Bringing together community-engaged researchers, innovative worker organizations, and policy specialists from Canada, Brazil, Argentina, Spain, and the US, the project combines a public event and outreach activities focused on three objectives: (1) facilitate exchange among worker organizations with experience in worker-centred approaches to governing technologies via collective bargaining, co-operative formation, and policy reform; (2) disseminate workshop participants’ insights through community media resources; and (3) produce a policy brief outlining an agenda to advance research and action in the field of workers governing technologies. 

The countries upon which this project focuses have been selected for their key contributions to this debate. In Canada, there are significant emerging co-ops, union initiatives, and grassroots interventions aiming to give working people greater say over technology in the digital economy. The US has seen precedent-setting protections surrounding AI in Collective Bargaining Agreements, and is home to some of the most prominent platform co-ops in the world. Brazil and Argentina are leading countries in the global platform cooperativism movement, especially in connecting co-operatives and social movements in the delivery and technology sectors as well as trying to promote worker-friendly policy reform in the gig economy. Similarly, Spain has pioneering experience in both policy development and collective bargaining around workers governing digital platforms. 

This project explores workers’ experiences of governing technologies through the above-noted three strategies, i.e., collective bargaining, co-op formation, and policy reform. Through a 2-day workshop and subsequent community media resources, the Connection project will allow: exchange of experiences among workers governing technologies within worker organizations as well as with academic researchers with expertise in worker organizing in the fields of platform labour, the gig economy, and digital media industries; disseminate lessons from experiences of workers governing technologies among wider practitioner and research communities; and mobilize knowledge about workers governing technologies through a series of video profiles of organizations and strategies, and a public-facing text outlining an agenda for future research and action. By facilitating knowledge exchange, disseminating experiences, and proposing a research agenda, the project lays the groundwork for a transnational network of researchers and practitioners focused on workers governing technologies, a practice that is essential for shaping futures of work that meaningfully includes and materially benefits working people.


Objectives

(1) Facilitate the exchange of experiences in worker-led approaches to governing technologies across contexts such as platform labour, the gig economy, and media industries.
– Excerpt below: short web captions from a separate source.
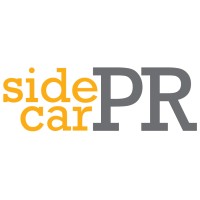 SideCar Public Relations logo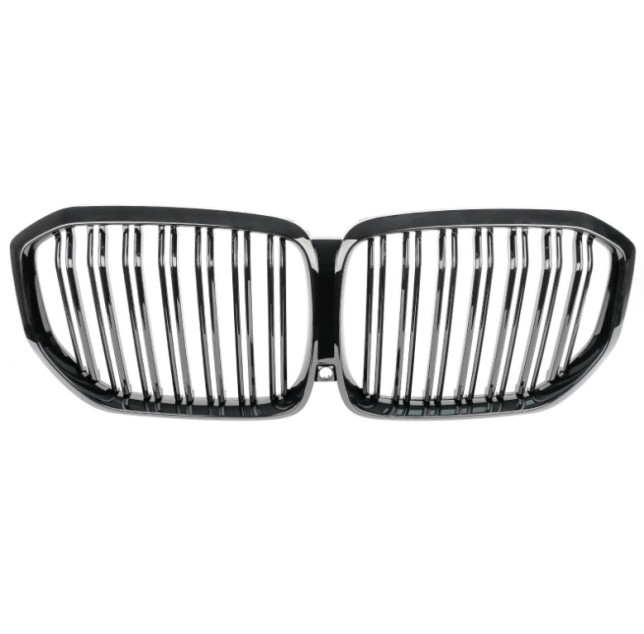 Nieren Grill Kühlergrill Bmw X5 G05 Schwarz Glanz – Autoersatzteil kaufen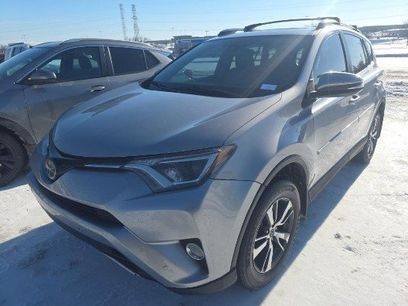 Used 2017 Toyota RAV4 XLE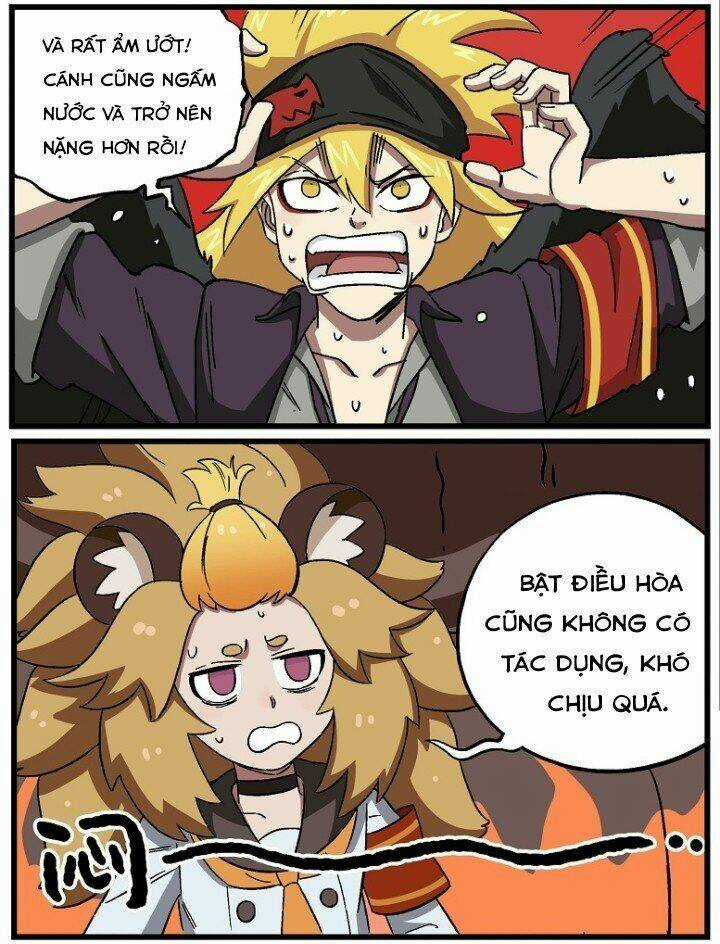 Học Viện Phi Nhân - Chapter 275 - Trang 23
This knowledge exchange will be realized through a public, in-person two-day workshop at the University of Toronto in September 2025. The workshop focuses on three key strategies workers use to govern technologies at work: a) collective bargaining; b) co-operative formation; and c) policy reform.

(2) Disseminate insights generated at the workshop through public-facing digital media resources. To enhance access to knowledge about how workers can contribute to the governance of technologies at work, we will create and distribute 10 short videos, in three languages (English, Portuguese, Spanish), that profile organizations and strategies from diverse national and sectoral contexts, as well as a series of op-eds.

(3) Produce a policy brief proposing an agenda for future research and action in the field of workers governing technologies. Based on community needs and visions identified during the workshop, this document will be shared with stakeholder worker organizations, policy specialists, and scholarly networks. The brief will serve as a foundation for future research collaborations between workshop participants.